Supplied data —
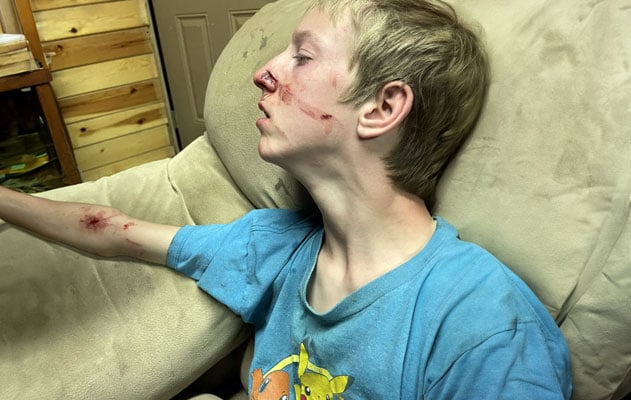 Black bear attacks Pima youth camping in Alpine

---

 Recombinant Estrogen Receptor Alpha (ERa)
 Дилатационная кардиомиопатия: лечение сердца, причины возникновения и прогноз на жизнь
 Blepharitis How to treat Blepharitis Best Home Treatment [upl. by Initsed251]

* * *

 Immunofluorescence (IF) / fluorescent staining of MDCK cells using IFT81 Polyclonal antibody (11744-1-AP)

What the task asks — Of the entries above, repeat exactly the lines from the line with "Recombinant Estrogen Receptor Alpha (ERa)" through the line with "Blepharitis How to", both of them included.

Solution for this exercise —
 Recombinant Estrogen Receptor Alpha (ERa)
 Дилатационная кардиомиопатия: лечение сердца, причины возникновения и прогноз на жизнь
 Blepharitis How to treat Blepharitis Best Home Treatment [upl. by Initsed251]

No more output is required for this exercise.